No mundo dos negócios, os empreendedores estão acostumados a correr riscos, trabalhando contra a sabedoria convencional para criar novos produtos ou processos. É necessária uma visão de longo prazo, em vez de atenção aos resultados de curto prazo. Noé enfrentou o que às vezes deve ter parecido uma tarefa impossível, e alguns estudiosos da Bíblia sugerem que a construção real da arca levou cem anos. Também é preciso fé, tenacidade e planejamento cuidadoso diante de céticos e críticos. Talvez devêssemos acrescentar o gerenciamento de projetos à lista de desenvolvimentos pioneiros de Noé. Hoje, inovadores, empreendedores e aqueles que desafiam as opiniões e os sistemas predominantes em nossos ambientes de trabalho ainda precisam de uma fonte de força interior e convicção. A resposta não é nos convencermos a correr riscos tolos, é claro, mas recorrer à oração e ao conselho dos sábios em Deus quando formos confrontados com oposição e desânimo. Talvez precisemos de um florescimento de cristãos talentosos e treinados para o trabalho de encorajar e ajudar a refinar a criatividade de inovadores nos negócios, na ciência, na academia, nas artes, no governo e em outras esferas de trabalho.
A história do dilúvio, encontrada em Gênesis 7.1—8.19, é bem conhecida. Por mais de meio ano, Noé, sua família e todos os animais saltitam dentro da arca, enquanto as inundações se alastram, fazendo a arca girar na água que cobria o topo das montanhas. Quando finalmente o dilúvio diminui, o solo está seco e uma nova vegetação está surgindo. Os ocupantes da arca mais uma vez pisam em terra firme. O texto ecoa Gênesis 1, enfatizando a continuidade da criação. Deus sopra um “vento” sobre “as profundezas” e “as águas” retrocedem (Gn 8.1-3). No entanto, em certo sentido, aquele era um mundo novo, remodelado pela força do dilúvio. Deus estava dando à cultura humana uma nova oportunidade de começar do zero e acertar.
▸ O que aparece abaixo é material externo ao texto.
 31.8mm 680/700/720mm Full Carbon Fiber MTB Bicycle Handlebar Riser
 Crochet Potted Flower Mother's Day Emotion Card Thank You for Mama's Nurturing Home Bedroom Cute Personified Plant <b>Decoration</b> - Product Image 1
Para os cristãos, isso prenuncia o novo céu e a nova terra em Apocalipse 21—22, quando a vida e o trabalho humanos são levados à perfeição dentro do cosmos, curados dos efeitos da Queda, como discutimos em "Deus traz à existência o mundo material” (Gn 1.1-2).
O que pode ficar menos aparente é que este, o primeiro trabalho de engenharia em larga escala da humanidade, é um projeto ambiental. Apesar — ou talvez como resultado — do relacionamento rompido da humanidade com a serpente e todas as criaturas (Gn 3.15), Deus atribui a um ser humano a tarefa de salvar os animais e confia nele para fazê-lo fielmente. As pessoas não estavam isentas do chamado de Deus para dominar “sobre os peixes do mar, sobre as aves do céu e sobre todos os animais que se movem pela terra” (Gn 1.28). Deus está sempre trabalhando para restaurar o que foi perdido na Queda, e ele usa como seu principal instrumento a humanidade — caída sim, mas em restauração.